(Beginning of MATERIAL FOR THIS TASK)

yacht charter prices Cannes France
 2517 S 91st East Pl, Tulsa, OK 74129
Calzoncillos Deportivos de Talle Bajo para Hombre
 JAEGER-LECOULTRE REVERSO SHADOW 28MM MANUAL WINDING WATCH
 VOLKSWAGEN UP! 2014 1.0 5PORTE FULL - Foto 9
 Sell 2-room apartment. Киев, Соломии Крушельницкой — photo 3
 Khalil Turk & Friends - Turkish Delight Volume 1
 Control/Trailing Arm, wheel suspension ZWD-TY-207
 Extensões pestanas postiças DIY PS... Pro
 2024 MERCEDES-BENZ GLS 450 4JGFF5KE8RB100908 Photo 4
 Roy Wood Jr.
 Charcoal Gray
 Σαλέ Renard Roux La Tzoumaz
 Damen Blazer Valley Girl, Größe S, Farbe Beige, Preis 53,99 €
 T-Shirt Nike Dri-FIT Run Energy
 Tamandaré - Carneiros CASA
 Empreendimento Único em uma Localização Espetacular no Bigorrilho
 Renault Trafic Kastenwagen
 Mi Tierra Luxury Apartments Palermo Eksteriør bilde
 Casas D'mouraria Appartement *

(End of MATERIAL FOR THIS TASK)

■ EXERCISE
Retype, without changes, the lines from the line holding "2517 S 91st East Pl, Tulsa, OK 74129" to the end of the data, both ends included.

■ YOUR RESPONSE
 2517 S 91st East Pl, Tulsa, OK 74129
Calzoncillos Deportivos de Talle Bajo para Hombre
 JAEGER-LECOULTRE REVERSO SHADOW 28MM MANUAL WINDING WATCH
 VOLKSWAGEN UP! 2014 1.0 5PORTE FULL - Foto 9
 Sell 2-room apartment. Киев, Соломии Крушельницкой — photo 3
 Khalil Turk & Friends - Turkish Delight Volume 1
 Control/Trailing Arm, wheel suspension ZWD-TY-207
 Extensões pestanas postiças DIY PS... Pro
 2024 MERCEDES-BENZ GLS 450 4JGFF5KE8RB100908 Photo 4
 Roy Wood Jr.
 Charcoal Gray
 Σαλέ Renard Roux La Tzoumaz
 Damen Blazer Valley Girl, Größe S, Farbe Beige, Preis 53,99 €
 T-Shirt Nike Dri-FIT Run Energy
 Tamandaré - Carneiros CASA
 Empreendimento Único em uma Localização Espetacular no Bigorrilho
 Renault Trafic Kastenwagen
 Mi Tierra Luxury Apartments Palermo Eksteriør bilde
 Casas D'mouraria Appartement *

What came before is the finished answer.